Les marques adoptées par les partisans
Certaines marques de commerce dans le milieu du sport ne proviennent pas des organisations ou des propriétaires, mais bien des partisans. Nous pouvons penser aux surnoms Habs pour les Canadiens de Montréal, les Als pour les Alouettes de Montréal, ou Nos Amours pour les anciens Expos de Montréal. Ces diminutifs sont-ils la propriété de la communauté ayant consacré ces noms d’emprunt?
En fait, certaines de ces marques ont été enregistrées avec succès au Canada :
- La marque de commerce Habs est enregistrée depuis 2003 afin de fournir des services de divertissement et depuis 2007 pour les marchandises tels que les vêtements et autres objets promotionnels.
- La marque de commerce Als est enregistrée depuis 2014 pour tous les objets promotionnels et les services de divertissement.

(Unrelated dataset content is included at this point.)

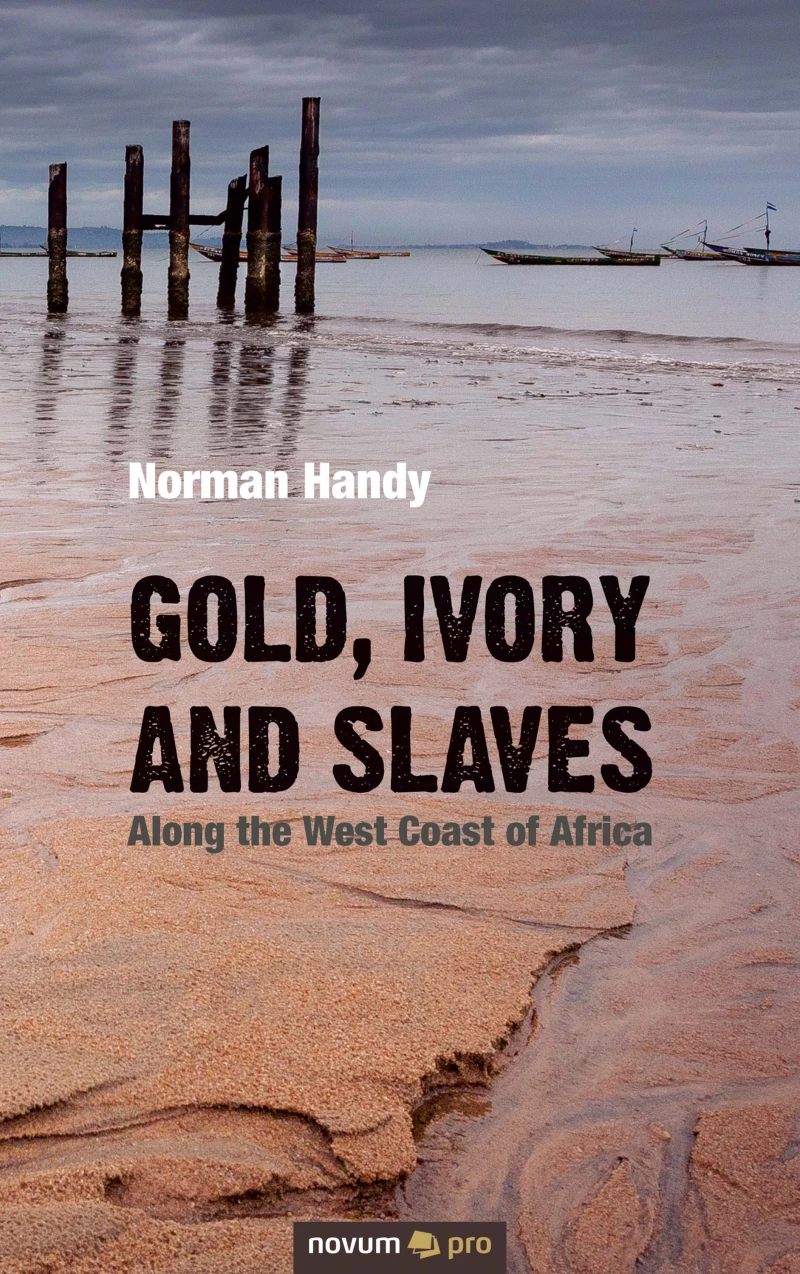 Portada: Gold, Ivory and Slaves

- La marque de commerce Barça, représentant le diminutif du club de soccer professionnel de Barcelone, le FC Barcelone, est enregistrée au Canada depuis 2022 pour tous les produits promotionnels.
Toutefois, Nos Amours et Sainte-Flanelle ne sont pas enregistrées pour le moment au Canada, alors que Tricolore Sports et Bleu Blanc Rouge ont récemment fait l’objet de demandes d’enregistrement.

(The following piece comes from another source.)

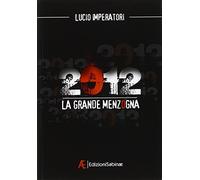 2012. La grande menzogna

L’enjeu qui en découle est donc l’opportunité pour des organisations sportives d’enregistrer et de protéger ces marques qui deviennent distinctives à travers l’usage qu’en font les partisans.

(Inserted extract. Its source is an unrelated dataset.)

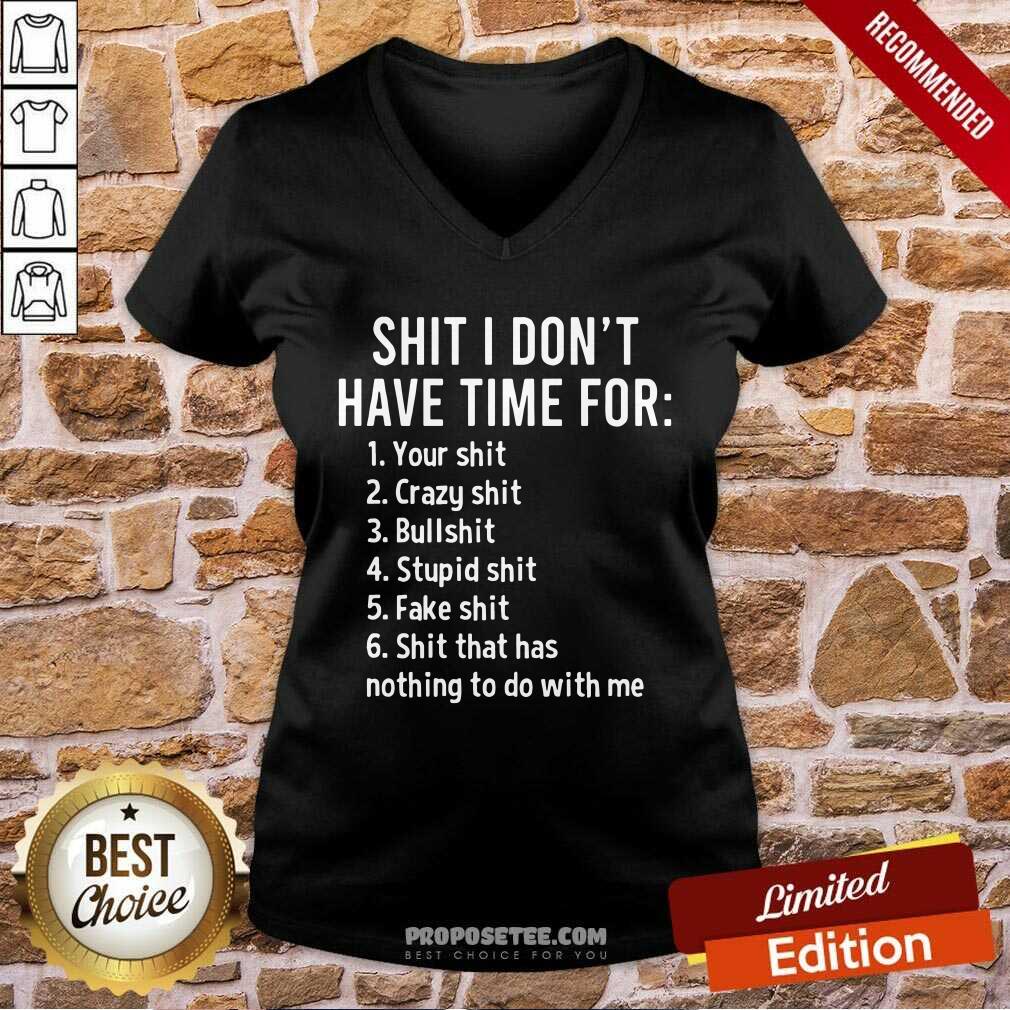 Shit I Dont Have Time For Shirt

Les marques liées à un commanditaire
Une équipe peut vouloir adopter un nom et une marque qui rendent hommage à une entreprise propriétaire ou à un commanditaire important. Qu'on pense à l'ancienne désignation de l'équipe d'Anaheim, les Mighty Ducks, en référence à une trilogie de films de Disney.
En soi, cette situation n'est pas problématique, puisqu'il s'agit de deux entreprises distinctes. Par contre, la situation peut se compliquer lorsque la relation devient tendue avec ce commanditaire ou si celui-ci cesse de commanditer l'équipe. Il faut donc prévoir une convention établissant les droits du commanditaire sur sa marque et les délais pour que l'équipe change son nom et ses marques si le commanditaire se retire, et aussi le fait que le commanditaire ne puisse pas s'ingérer dans la gestion de l'équipe. L'équipe devrait aussi se réserver le droit de changer son nom et sa marque pour divers motifs, notamment pour des raisons réputationnelles. Enfin, si le commanditaire vend des équipements sportifs ou autres produits liés à l'équipe, il faut s'assurer que l'équipe puisse vendre ses propres produits promotionnels sans se retrouver en contravention de la marque du commanditaire. Une telle situation, si elle n’est pas encadrée contractuellement, pourrait même affecter la validité des enregistrements de la marque du commanditaire, puisqu’il n’exercerait alors pas un contrôle adéquat sur sa marque de commerce.
Les divers enjeux ci-dessus peuvent non seulement affecter l'image de l'entreprise, mais aussi l'empêcher de protéger adéquatement sa marque. En effet, l’enregistrement permet non seulement d’avoir une protection pour l’ensemble d’un pays, ou de plusieurs pays si des demandes sont présentées hors du Canada, mais il permet surtout d’atteindre une plus grande certitude juridique quant à la marque de commerce. Une marque enregistrée facilite grandement l’intervention à l’encontre d’entreprises malveillantes qui voudraient contrefaire les marques enregistrées à leur profit. Qui plus est, l’enregistrement permet dans plusieurs cas de bloquer l’importation de marchandise contrefaite.
Une équipe sportive qui souhaite profiter des retombées commerciales liées à sa marque devrait donc valider, dès le départ, si l’enregistrement de la marque est possible. Dans la négative, il pourrait être opportun de travailler de près avec ses avocats et agents de marques pour trouver une marque enregistrable qui n’est pas touchée par les enjeux présentés ci-dessus.